*Exercise goal*
An unchanged copy of each entry below is needed; keep the pictures out of it.

*Data*
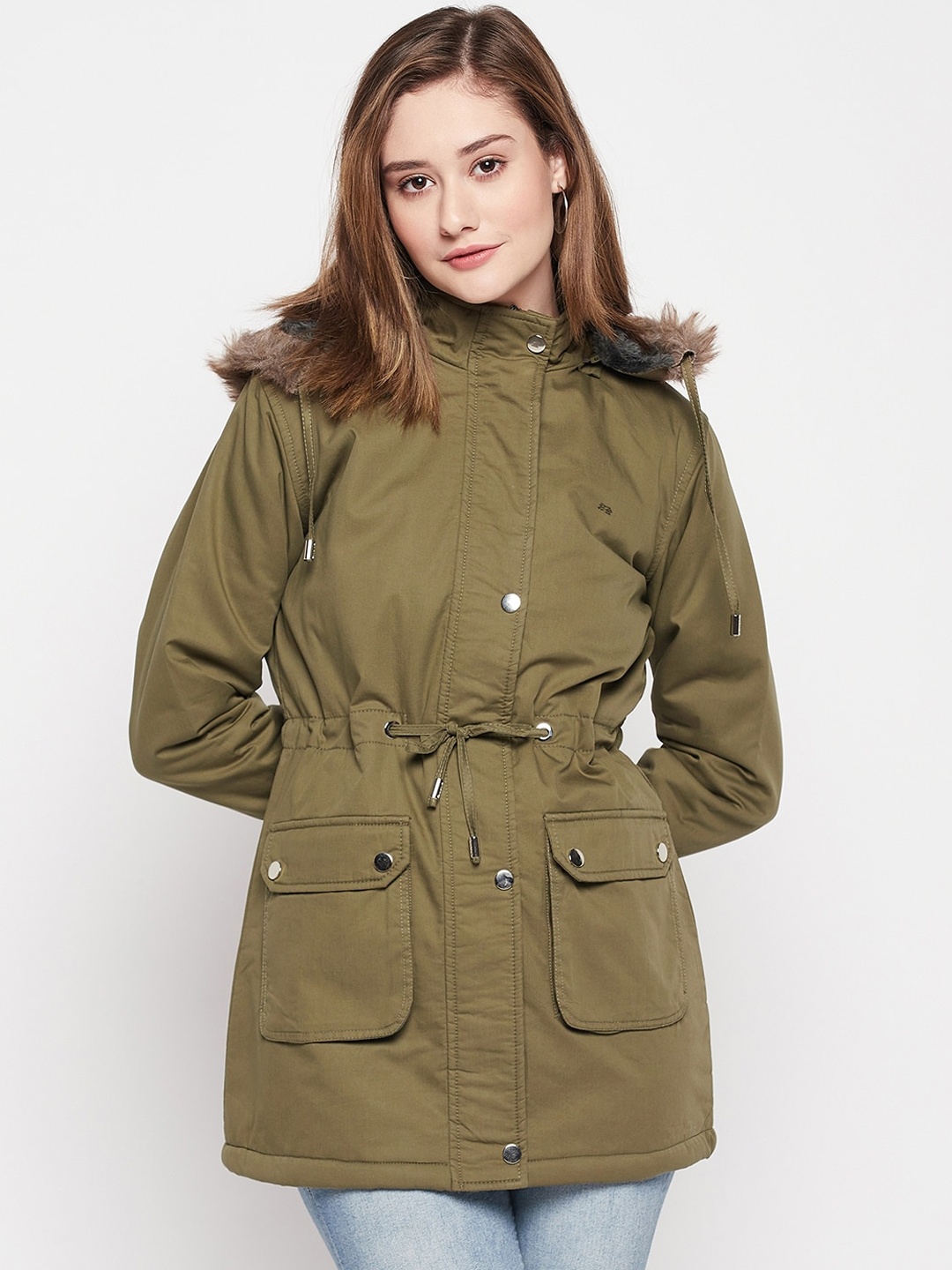 

Okane Women Hooded Cotton Lightweight Longline Parka Jacket, Olive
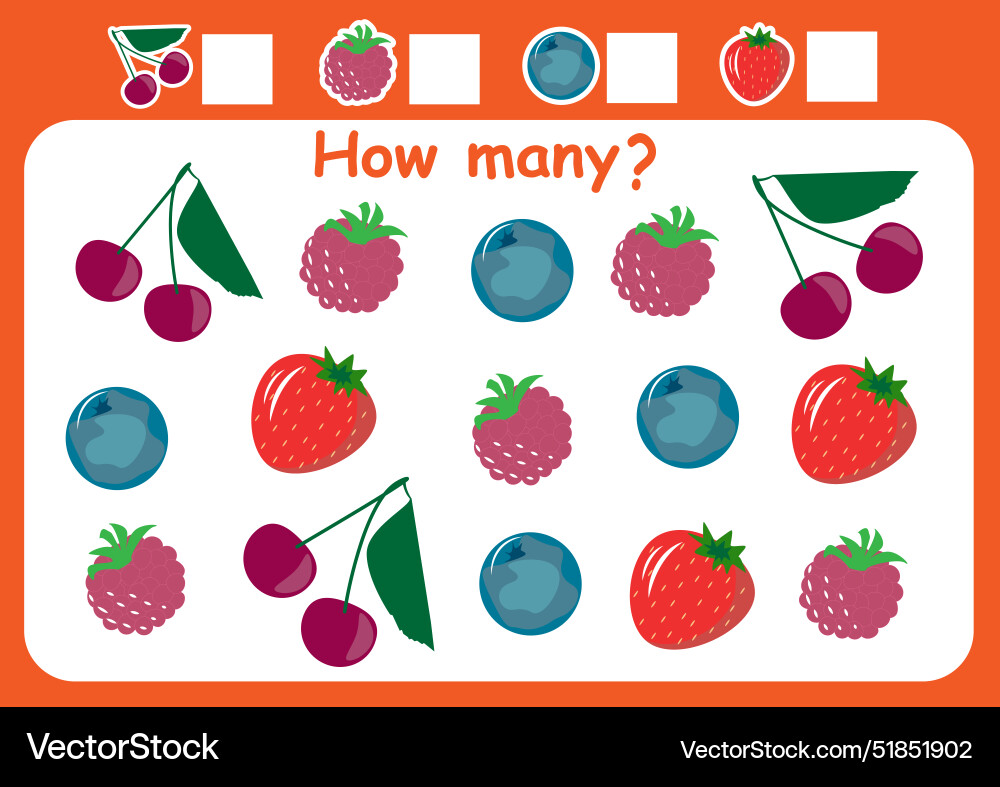 How many are there fruits and berry counting game vector image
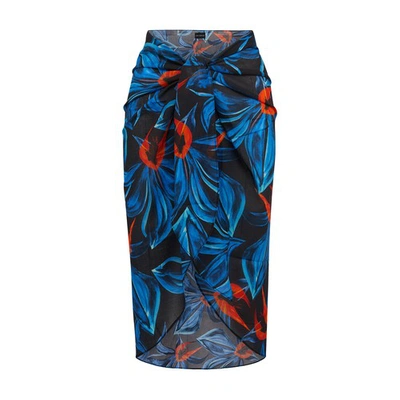 Louisa Ballou Printed Cottonblend Silkmidi Skirt In Night Blooming Flower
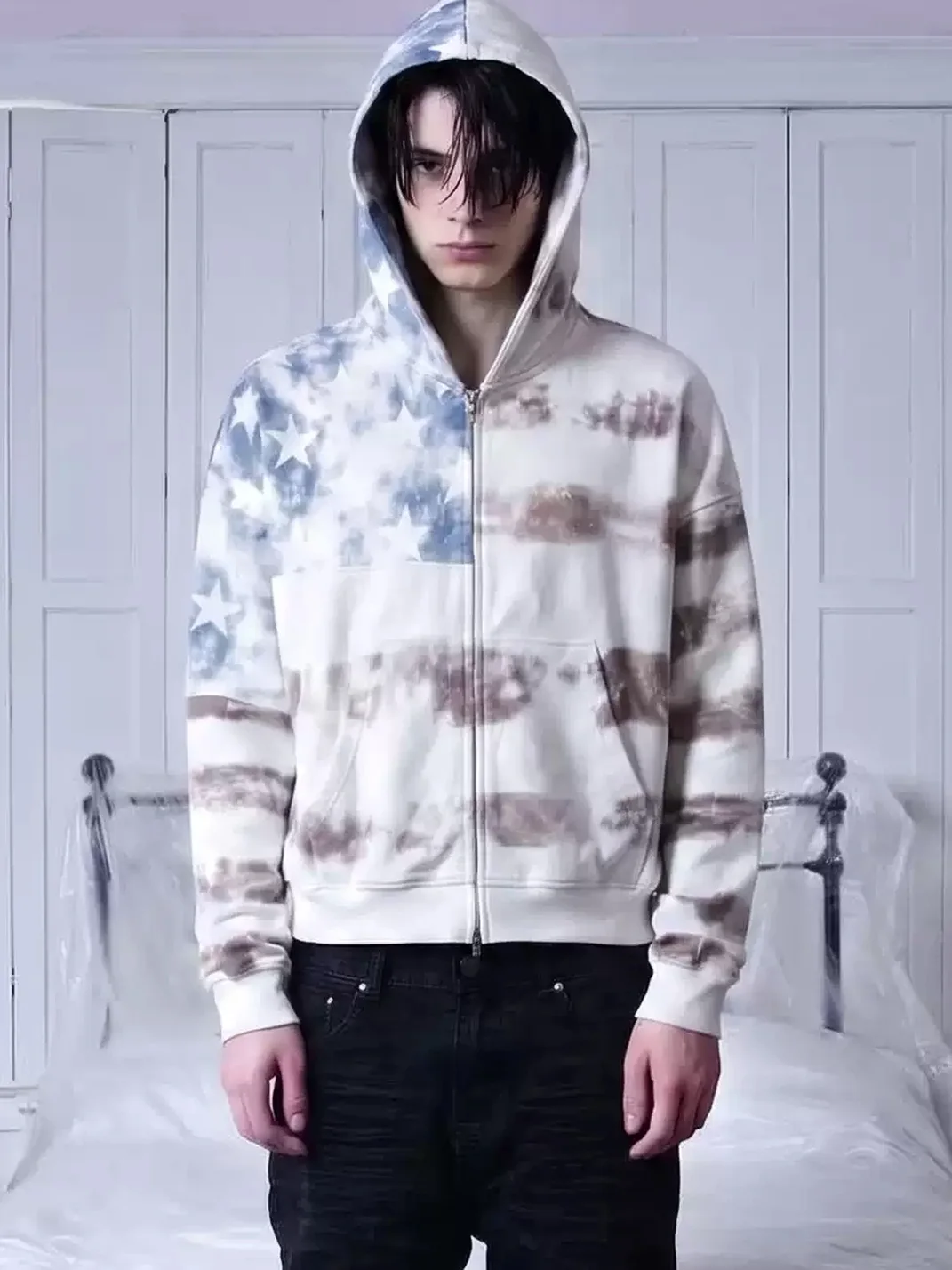 NASTYHUB | Washed Distressed Stars And Stripes Boxy Hoodie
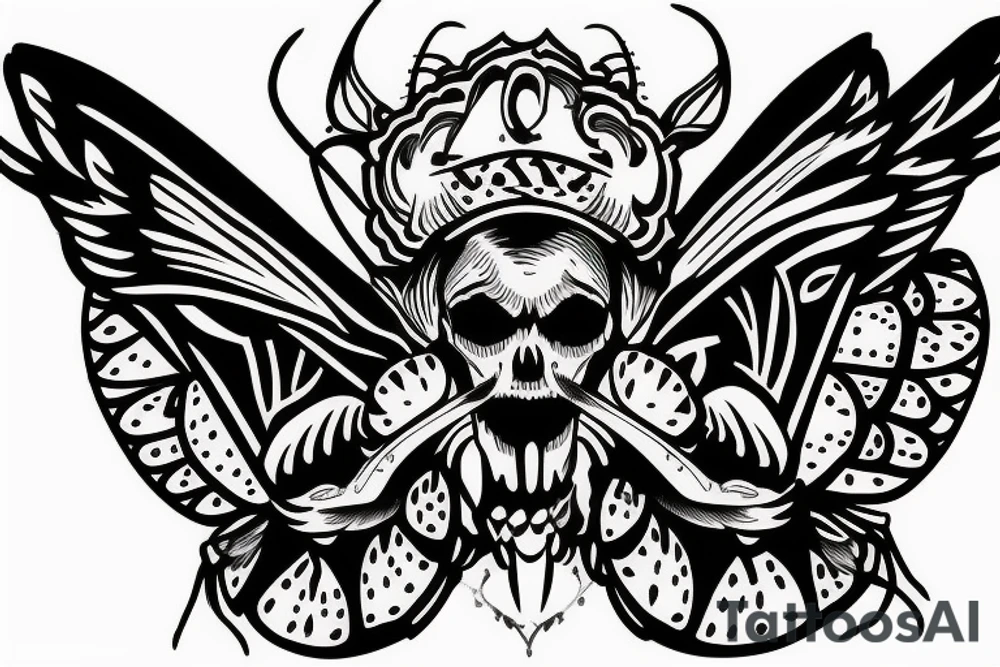 Death head skull moth tattoo idea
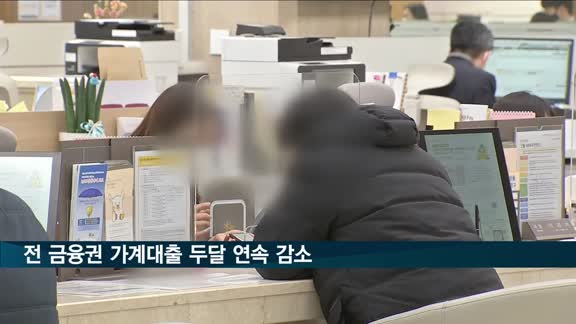 전 금융권 가계대출 두달 연속 감소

*Final answer*
Okane Women Hooded Cotton Lightweight Longline Parka Jacket, Olive
 How many are there fruits and berry counting game vector image
 Louisa Ballou Printed Cottonblend Silkmidi Skirt In Night Blooming Flower
 NASTYHUB | Washed Distressed Stars And Stripes Boxy Hoodie
 Death head skull moth tattoo idea
 전 금융권 가계대출 두달 연속 감소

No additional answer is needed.